President Donald Trump's attorneys have reportedly warned an accounting firm not to consent to a subpoena directing it to turn over the president's financial information to the House Oversight Committee.
"It is no secret that the Democrat Party has decided to use its new House majority to launch a flood of investigations into the president’s personal affairs in hopes of using anything they can find to damage him politically," William S. Consovoy and Stefan Passantino wrote in a letter to the accounting firm Mazars USA, according to Politico.
"The Democrats’ fervor has only intensified after the special counsel squelched their ‘Russia collusion’ narrative," the pair added.
The lawyers also challenged the legality of the request by the Oversight panel's chairman, Rep. Elijah Cummings, D-Md., to obtain the requested documents.
"[T]he House Oversight Committee is not a miniature Department of Justice, charged with investigating and prosecuting potential federal crimes. It is a legislative body, not ‘a law enforcement or trial agency,’ and the chairman’s attempt to assume for Congress the role of police, prosecutor, and judge is unconstitutional," the lawyers wrote in their letter, which put Mazars USA "on notice."
Meanwhile, Rep. Jim Jordan, R-Ohio, used his position as the ranking member of the Oversight Committee to echo the lawyers' letter attacking the legality of Cummings' request.
"I strongly object to Chairman Cummings’ unprecedented subpoena to Mazars and his irresponsible and gravely dangerous course of conduct in a singular obsession of attacking President Trump and his family for political gain," Jordan wrote in his statement.
After the committee sent a request to Mazars last month for a decade's worth of the president's financial records — specifically those pertaining to the Trump Organization, the president's revocable trust and various subsidiaries — Mazars responded by asking for a subpoena. The new move by Trump's lawyers intimates that if Mazars accedes to Cummings' request for that information, it could face legal action.
Cummings' request is linked to the recent testimony by Michael Cohen, in which the president's former lawyer and "fixer" raised allegations of possible financial crimes committed by Trump. Experts have placed particular focus on Cohen's statements about how the president allegedly exaggerates the extent of his wealth.
"It appears that Donald Trump made a practice of wildly exaggerating his wealth and the supposed business acumen that enabled him to amass it," Laurence H. Tribe, the Carl M. Loeb University Professor and Professor of Constitutional Law at Harvard, told Salon last month.

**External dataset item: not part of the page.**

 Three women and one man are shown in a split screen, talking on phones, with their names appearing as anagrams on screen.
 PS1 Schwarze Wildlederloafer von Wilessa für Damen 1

He added, "Although there are no legal and especially criminal consequences to that kind of exaggeration on reality television or in talking to journalists at places like Forbes in order to cheat one’s way onto various lists of the wealthiest people around, there are very serious criminal consequences indeed when such lies, in the form of fraudulent financial statements, are used either to extract loans from banks or to obtain insurance on favorable terms from various insurance companies."

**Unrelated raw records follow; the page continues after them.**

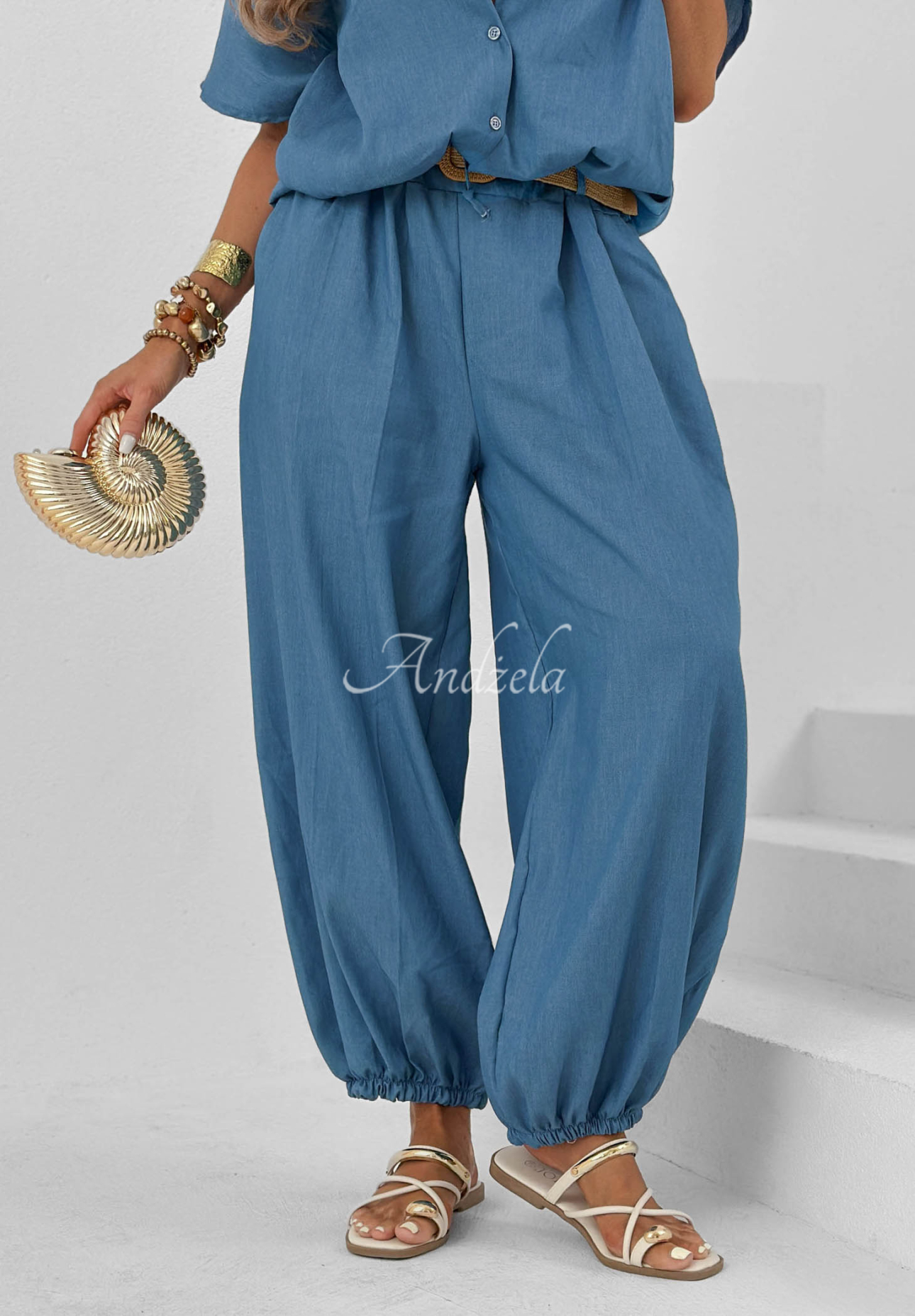 Set din bumbac cu cămașă și pantaloni jogger Palm Breeze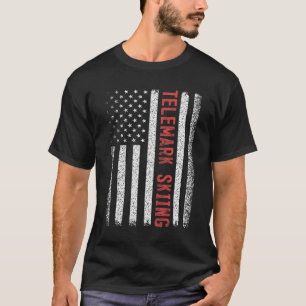 Telemark-Skilauf Amerikanische Flagge 4. Juli Skir T-Shirt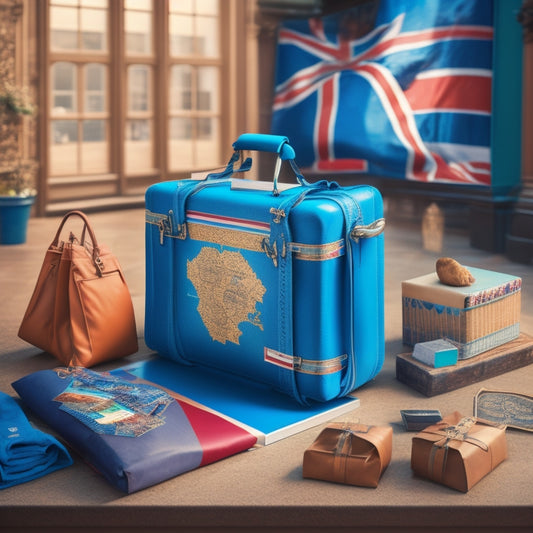 A stylized illustration of the UK map with shopping bags and laptops scattered throughout, surrounded by subtle hints of virtual learning environments, such as subtle screens and digital badges.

"It certainly looks like Michael Cohen’s sworn testimony to that effect – which he had no apparent motive to falsify and which, if false, would expose him to added federal imprisonment – points to criminal liability on the president’s part. I assume that both the federal prosecutors of the Southern District of New York and the prosecutors of the New York State Attorney General’s Office will pursue the truth to see whether Cohen’s testimony pans out and, if it does, to see whether the relevant statutes of limitations have run."